Quem é o inimigo?: novo blog busca colaboradores
por Djamilla Olivério &
Roberto Torres
Este pretende ser um blog com intencao política: definir quem sao os inimigos do povo brasileiro. Povo aqui sao todos aqueles cujas vidas nao podem ser trilhadas na base de privilégios herdados: os pobres que anseiam uma vida menos sofrida e menos humilhante, sem muita esperanca de deixar de fato a pobreza, e os trabalhadores pobres que sobem na vida sem poder entrar na complexa rede de privilégios dos estabelecidos. Numa „sociedade competitiva“ como a nossa, privilégios sao oportunidades economicas e edudacionais transmitidas em segredo entre uma minoria, criando um grave paradoxo dentro de uma sociedade que se diz democrática: o modo de vida dos que representam o país como classe dominante é valorizado como algo que nao pode ser desfrutado por pessoas comuns. A classe dominante nao acredita nos ideais que ela prega através da mídia para os outros. A boa vida consiste em desprezar tudo que nao seja exclusivo. A „boa nova“ nao pode ser transmitida para quem teve o azar de nascer do „lado de lá da vida“.
A atividade política pode ser dividida em duas dimensoes fundamentais: a profecia e a estratégia. Como profecia a política é o esforco de imaginar e caminhar rumo a um outro mundo, a uma outra forma de vida comum capaz de contemplar intesses ainda ignorados. Sem profecia, a política é amesquinhada na reproducao indefinida dos interesses vigentes, sem crédito dos excluídos, que nela nao veem nenhuma saída, e sem crédito dos incluídos, que nao querem que uma alternativa ao regime de privilégios seja sequer sonhada.
A ditadura da falta de alternativas desqualifica todo tipo de profecia como delírio e atrevimento de quem busca aventuras que nao valem a pena. O procedimentalismo instituído (a máxima de que devemos preservar as instituições) precisa destruir o poder da lideranca carismática para impedir que a simbiose entre os liderados e o líder produza um discurso capaz de se impor na vida democrática. A primeira grande batalha para que a democratizacao signifique mudanca é reagir ao poder da opiniao pública instituída que tenta calar as vozes que ela nao pode dirigir. A mídia hegemonica e seu público é o autoritárismo privado que deseja manter a heranca do autoritarismo público do regime militar.

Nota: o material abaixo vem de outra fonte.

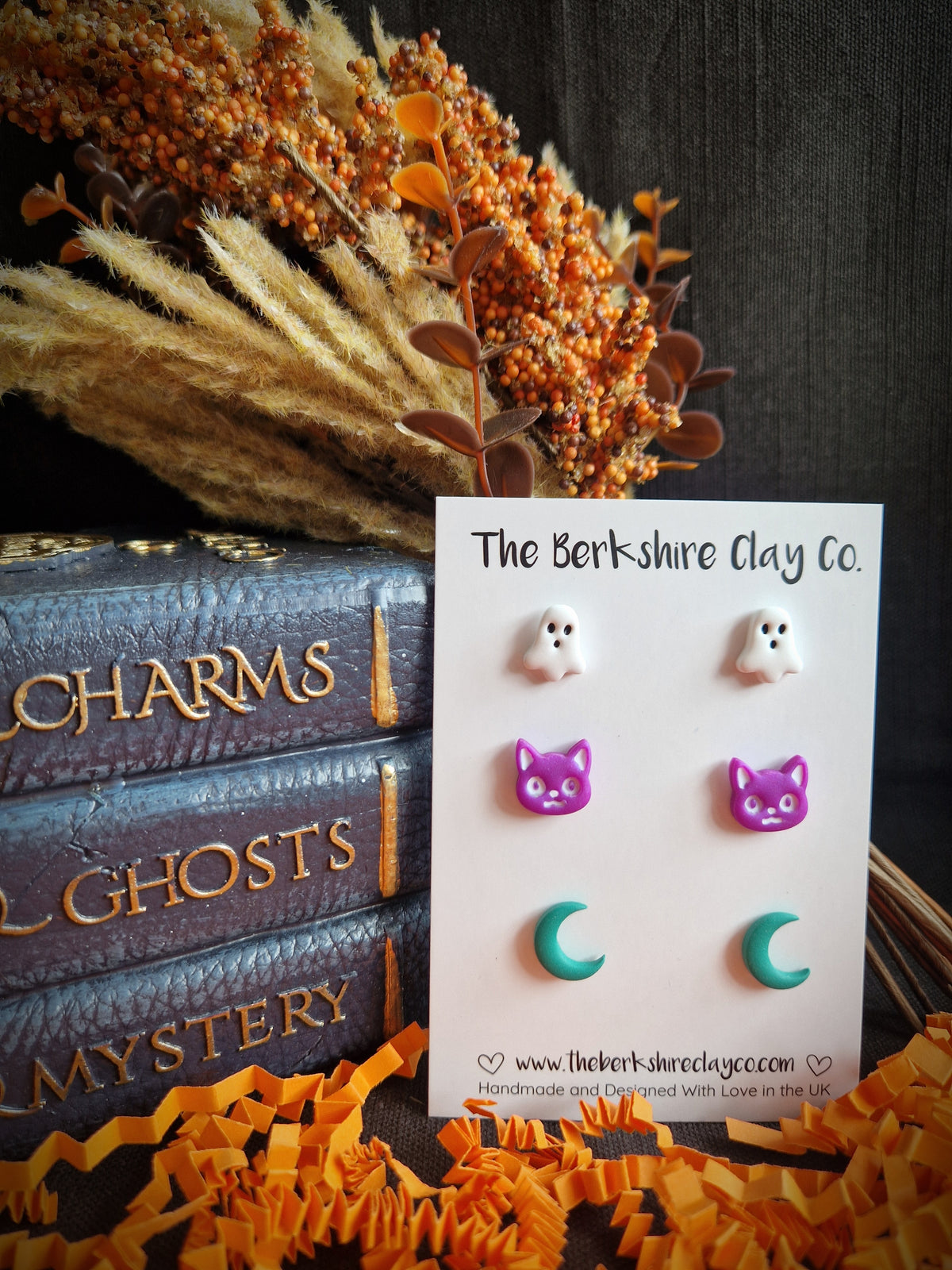 Mix & Match Halloween Stud Pack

Precisamos de uma imaginação de mundo que encontre no presente tanto as prefigurações do novo como a forca viva do autoritarismo conservador. Aí surge a outra dimensao da política, a estratégia. As forcas sociais que podem sustentar o surgimento do novo tendem a estar mais desarticuladas, e seu interesse no novo é um fato a ser construído pela credibilidade da profecia. Já as forcas sociais que sustentam o regime de privilégios reagem com muito mais coesao a tudo que possa ameacar o seu mundo, pois sao o produto deste mundo de privilégios. A política como estratégia é a tentativa de mostrar para o público desarticulado dos "sem privilégio" que existe uma forca articulada que é eficaz em defender os seus privilégios. Este blog quer ser um espaco para definir, redefinir, discutir como vive e funciona a forca social interessada em manter o mundo de privilégios no Brasil, ou seja, o inimigo de todo e qualquer projeto popular.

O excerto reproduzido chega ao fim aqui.